Formas menos restritivas
O jornal britânico Guardian, por exemplo, dá acesso livre a seu conteúdo e pede contribuição voluntária dos leitores. Em que pesem diferenças econômicas e culturais entre Brasil e Inglaterra, o jornal provou que é possível fazer a mesma virada digital que o New York Times fez – com mais assinantes digitais do que do impresso – sem subir o muro de pagamento. O Guardian ainda conseguiu uma maneira criativa e relevante de beneficiar os assinantes: empacota e hierarquiza de maneira diferente a informação para quem paga, provando também o valor da curadoria do jornalista. O modelo de membership também não pressupõe o uso de paywall, mas a formação de comunidades de leitores que, muitas vezes, participam da gestão e da parte editorial do veículo.
Não dá pra assinar todos
Veja se você já não se deparou com a seguinte situação: você é assinante de um veículo nacional, mas quer muito ler uma notícia cujo furo de reportagem foi do jornal concorrente. Nenhum outro deu ainda, então é importante ter acesso à matéria original. No entanto, ela está com paywall e você não consegue ler. Isso acontece porque é financeiramente impossível, para a grande parte da população brasileira, assinar dois, três ou mais sites jornalísticos. Para as empresas, isso é considerado uma vantagem, já que fideliza o leitor. Mas para o leitor, é uma fidelização compulsória, que exclui a diversidade de angulações e de informação.
Dificuldades do jornalismo local
Como tem dado certo com os grandes, os veículos jornalísticos menores – muitos deles dedicados ao jornalismo local -, também aderem ao paywall, esperando o mesmo sucesso. No entanto, se já é difícil assinar mais de um veículo, como mostramos no argumento acima, pior ainda é decidir por assinar um jornal local, cujo “local” muitas vezes fica só no nome.
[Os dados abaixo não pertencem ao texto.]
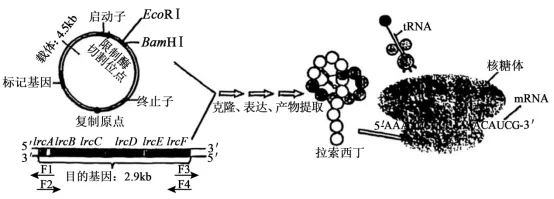 高考真题‖2025高考生物学真题分类汇编专题十七之03 基因工程的基本操作程序及应用和蛋白质工程(2) 第3张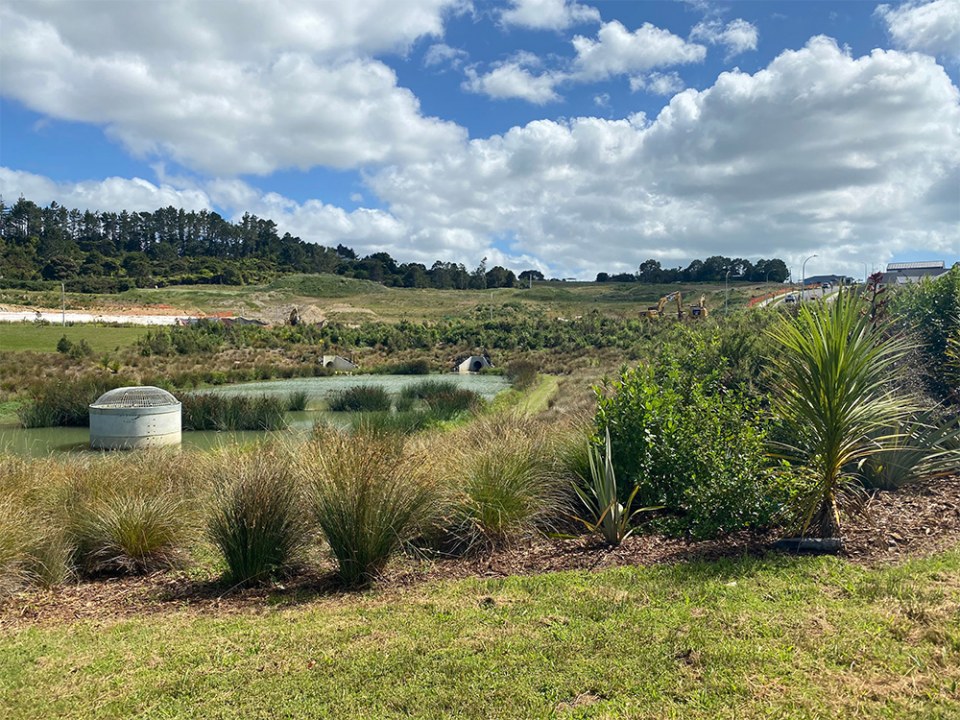 Halls Farm, Orewa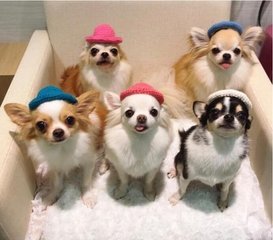 imtoken钱包有利息
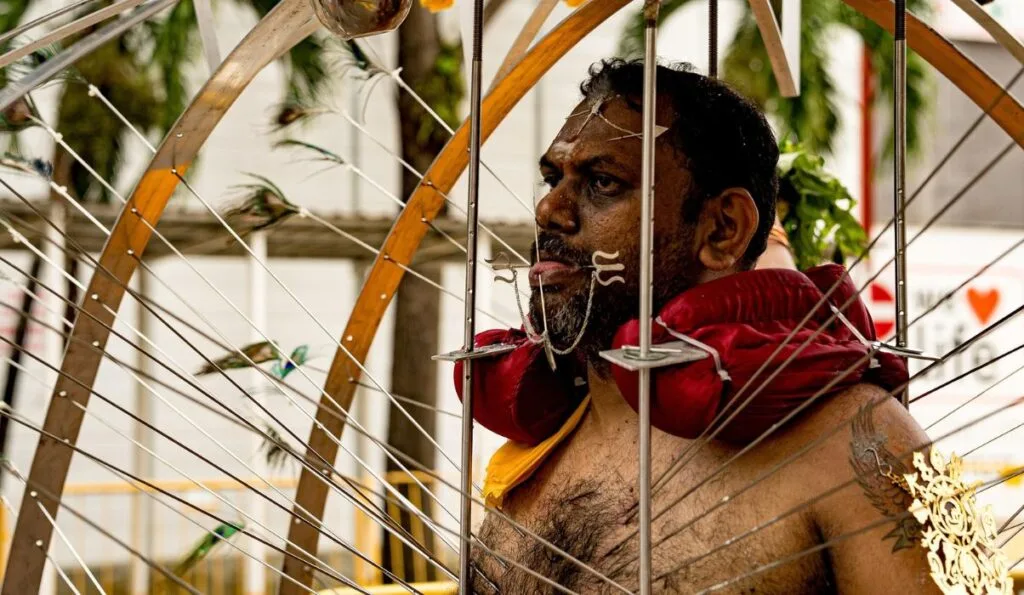 A devotee at the Thaipusam festival carrying a Kavadi with metal skewers piercing his cheeks and chest.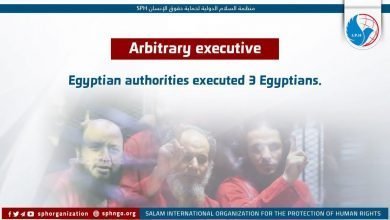 Egyptian authorities executed 3 Egyptians.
Notícias de agências e caça-cliques nacionais acabam desviando o conteúdo local e esvaziando a pertinência da assinatura.
Na mesma matéria da Folha que citamos, o jornal afirma que “em 2020, no início da pandemia, a Folha tomou a decisão de liberar todos os textos com serviços relevantes sobre Covid”. Além da subjetividade do critério – o que seriam serviços relevantes sobre a Covid? Ou, dito de outra forma, o que não é relevante em se tratando de Covid? – há uma espécie de paradoxo nessa estratégia. Quando a notícia for realmente importante para o leitor e tiver um impacto sobre sua vida o paywall será derrubado, o que faz com que esse mesmo leitor questione a qualidade e relevância do conteúdo que está dentro do paywall. Será que ele é tão indispensável assim? Porque, quando for, o muro será derrubado. Além disso, essa estratégia aparentemente “boazinha” e focada no interesse público guarda um aspecto mercadológico: eu abro minhas notícias na intenção de que a pessoa leia, goste e decida pagar. Algo legítimo, mas que fica subentendido diante do discurso em prol da “relevância do assunto para o cidadão”.
Fake news não têm paywall
A desinformação complexificou e levantou novas questões sobre a existência do paywall. O esforço de bem apurar, checar e divulgar as notícias pelo jornalismo profissional não consegue fazer frente às fake news quando estão sob o paywall. A lógica é inversa: a desinformação quer circular o máximo possível, enquanto a notícia bem feita e de qualidade fica presa no bloqueio do paywall. A primeira incentiva o espalhamento e circulação. A segunda incentiva a restrição, que só acaba com a contribuição financeira. Diante dos incontáveis prejuízos que as fake news já causaram ao jornalismo e ao país, este talvez seria o melhor argumento para que os veículos começassem a repensar o paywall. Mas, como dissemos anteriormente, não há sinais de que o modelo esteja arrefecendo.
As questões acima não esgotam a discussão sobre o modelo do paywall, mas são um ponto de partida que convida à adoção de outras formas de financiamento que privilegiem a informação livre. Se é de interesse público o que o jornalismo faz, deveria também ser de abrangência pública seu conteúdo, o que não exclui a monetização e a sustentabilidade financeira do jornalismo.